══ MATERIAL PROVIDED

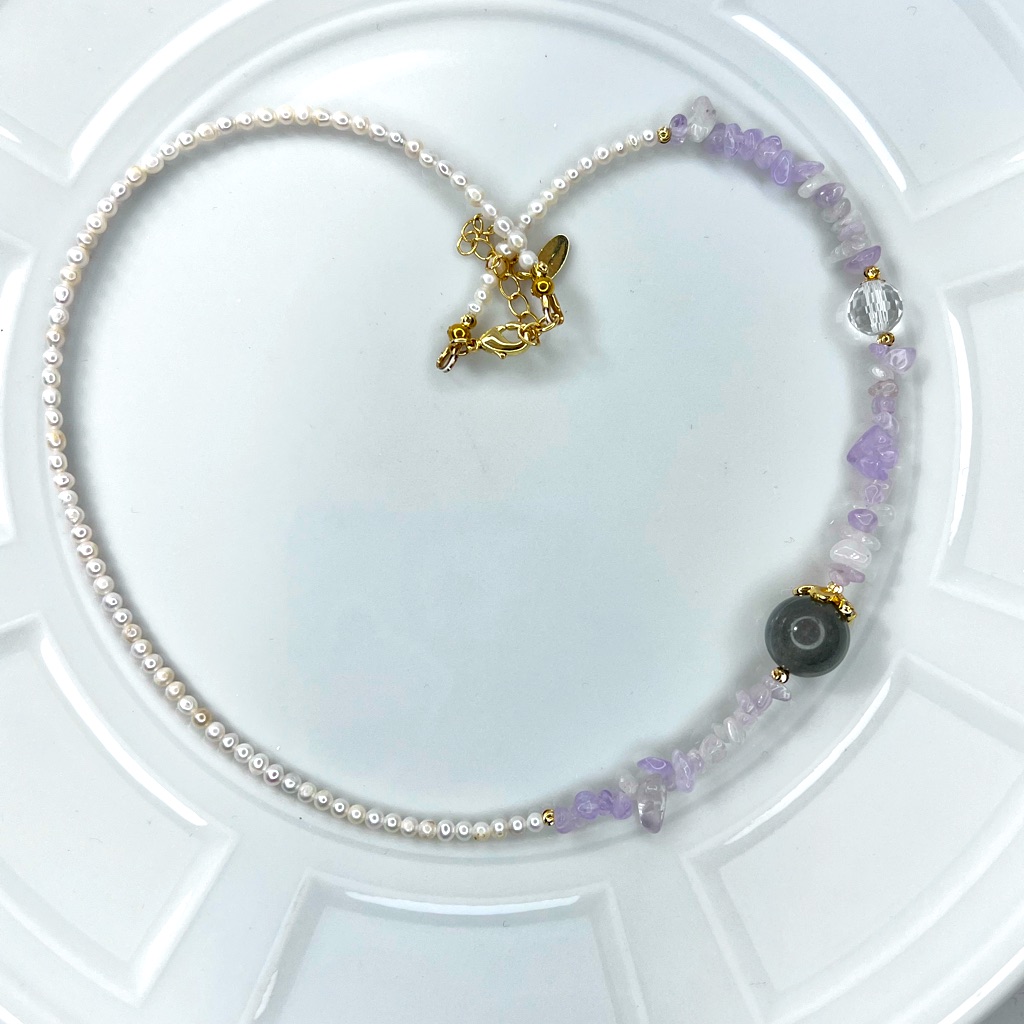 Handmade Freshwater Baby Pearl Lavender Amethyst Moonstone Necklace Clear Quartz 35$
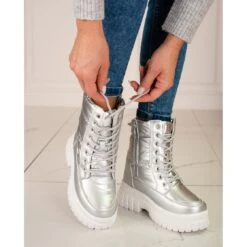 Bottes De Neige Argentées Pour Femme Avec Laçage Shelovet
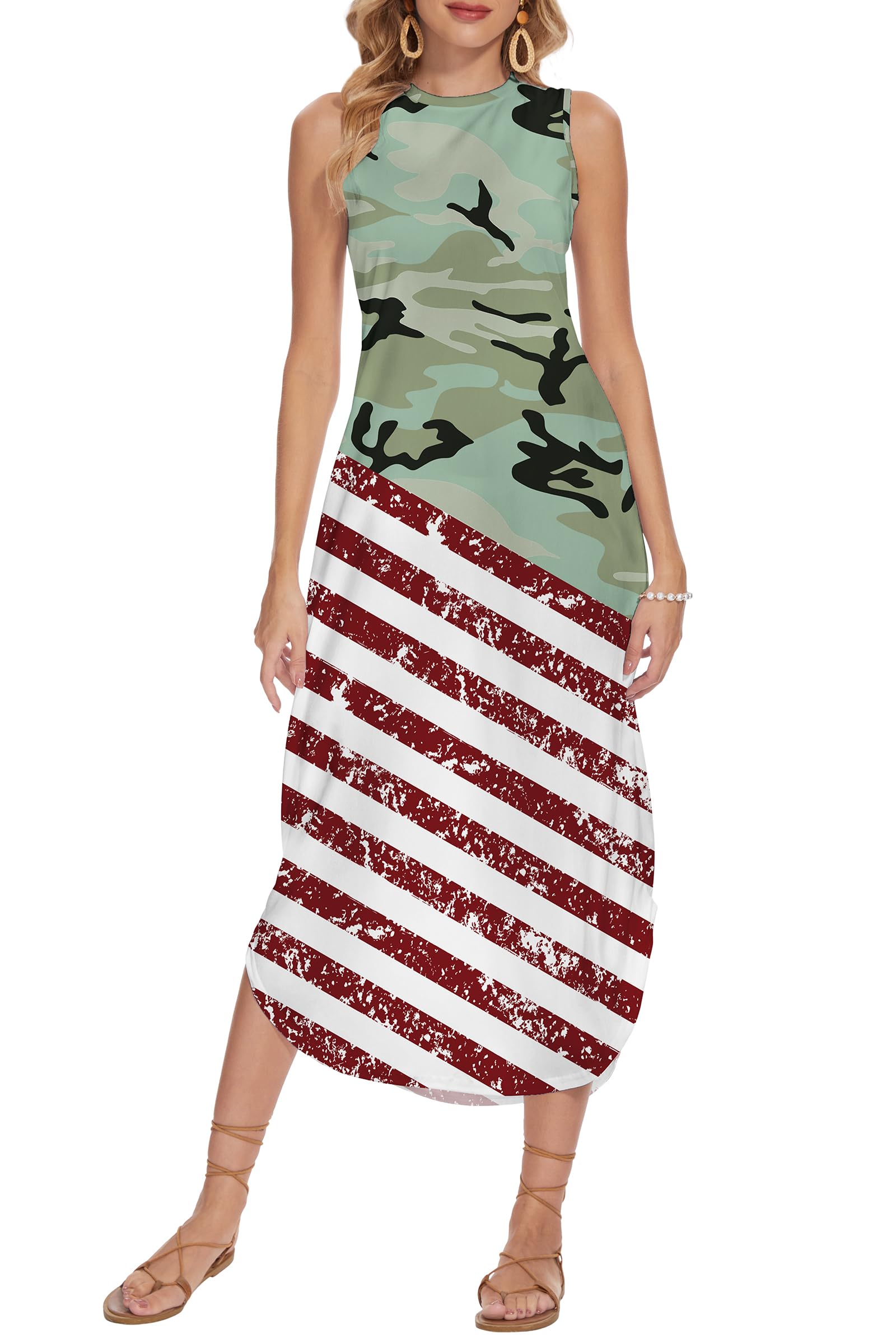 TMSD Women's July 4th Independence Day Crew Neck Memorial Day Maxi Dress with Pockets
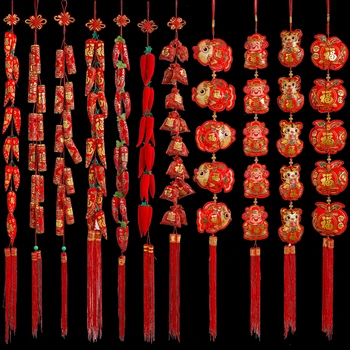 Hiina Kevadel Festival Ripatsid Punane Chili Tulevärgipadrun Stringid Õnnelik kotid Kodu Kujundus 2023 Hiina Uue Aasta Kaunistused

════

● TASK DETAILS: From the line with "TMSD Women's July" to the last line above, restate each line word for word, but skip the pictures.

● ANSWER AREA:
 TMSD Women's July 4th Independence Day Crew Neck Memorial Day Maxi Dress with Pockets
 Hiina Kevadel Festival Ripatsid Punane Chili Tulevärgipadrun Stringid Õnnelik kotid Kodu Kujundus 2023 Hiina Uue Aasta Kaunistused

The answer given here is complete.